The view of Middlesbrough from the balcony of MIMA, where the event took place.

Perhaps some of the lessons of hyperlocal community reporting, as partly outlined in the book Ed recently co-authored, have now been absorbed by traditional media companies and therefore they’re no longer as interested in the sector. Whatever the reason, the mutual distrust between hyperlocal practitioners and newspaper executives, so much a feature of past events like this, was pleasingly almost absent this time.

Instead, the sessions I took part in were rather less about news, and much more about publishing other forms of community information. I was particularly taken with On The Wight’s oral history project, Voices, another string to the remarkable bow that Simon and Sally Perry have built up over the past eight years.

And perhaps it’s just because I’ve gone from mainstream journalist to hyperlocal journalist to academic, but I spotted that the university sector was notably well represented, not least because the Creative Citizens research project helped fund the day.

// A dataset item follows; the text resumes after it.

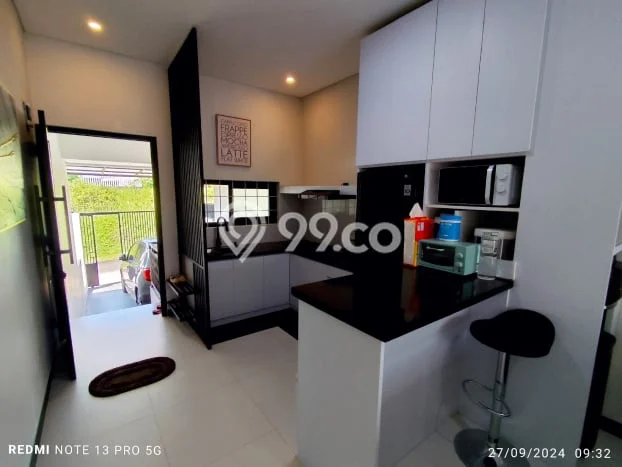 Rumah Luas Asri 2 KT Siap Pakai di Cianjur Kota Cianjur Rumah Luas Asri 2 KT Siap Pakai di Cianjur Kota Cianjur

After the initial rush of interest in hyperlocal media, it seems the sector is now more reflective. But all the activity around the country, now being more thoroughly researched and analysed than ever before, demonstrates it’s not been a passing fad.

What I’m Reading: Connected: The Power Of Modern Community

Well worth £1.99.

Well worth £1.99.

I was very kindly sent a review copy of the new ebook from Guardian Shorts about online communities. Called Connected: The Power of Modern Community, it’s by the Guardian’s Hannah Waldram, Ed Walker of Trinity Mirror, and the Cardiff-based publisher and journalist Marc Thomas. And having read it over coffee in Huddersfield this lunchtime, here are some brief thoughts about it.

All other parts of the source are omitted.